Return the lines of the data below, from the one containing "Tarjeta Festiva El" through the very last, exactly and with both ends included; no pictures.

**DATA SECTION**
════

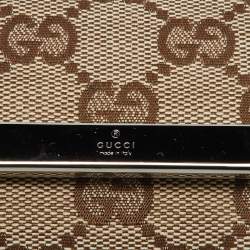 Gucci Beige/Brown GG Canvas and Leather Bow 6 Key Holder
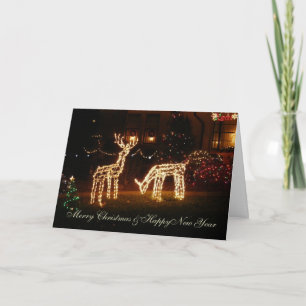 Tarjeta Festiva El ciervo de hierba para los Navidades se muerde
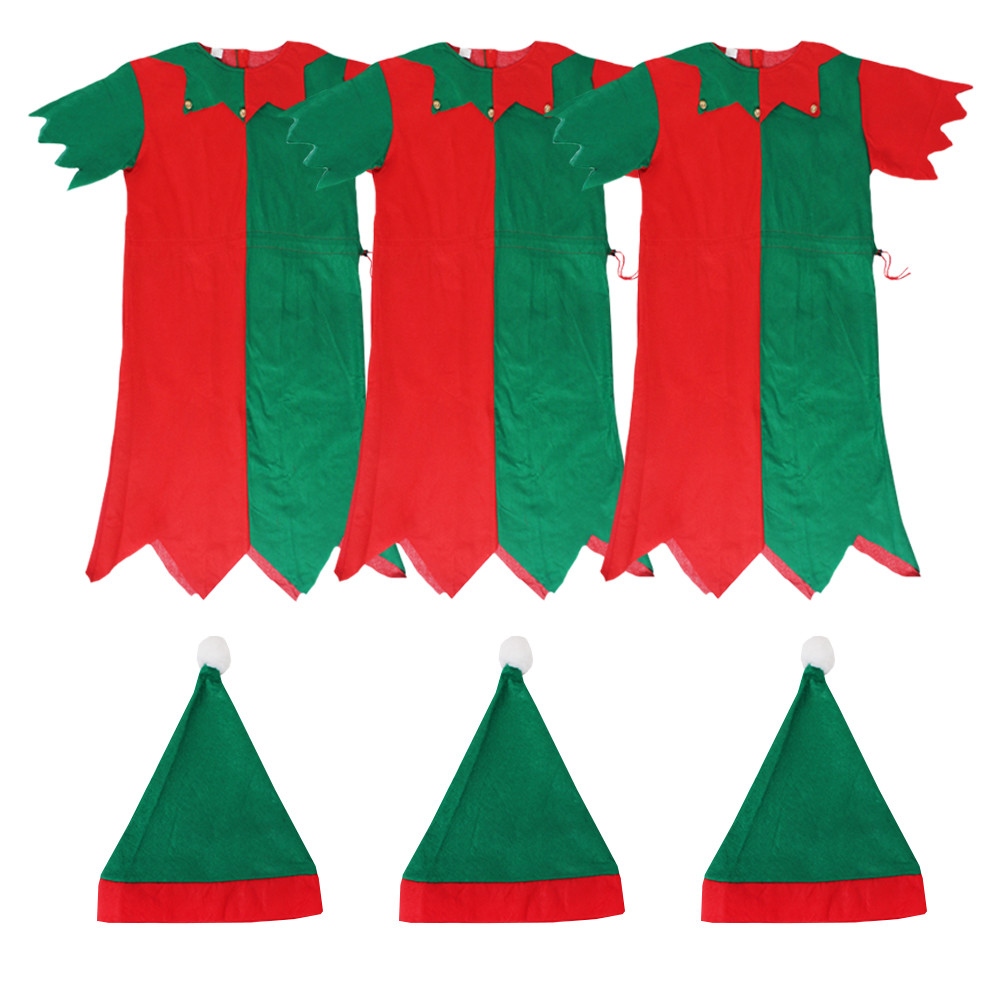 PAQUETES DE NIÑOS DISFRAZ DE ELFO SANTAS AYUDANTE NIÑOS NIÑAS VESTIDO DE NAVIDAD ELEGANTE LOTE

════

**OUTPUT OF THE EXERCISE**
 Tarjeta Festiva El ciervo de hierba para los Navidades se muerde
 PAQUETES DE NIÑOS DISFRAZ DE ELFO SANTAS AYUDANTE NIÑOS NIÑAS VESTIDO DE NAVIDAD ELEGANTE LOTE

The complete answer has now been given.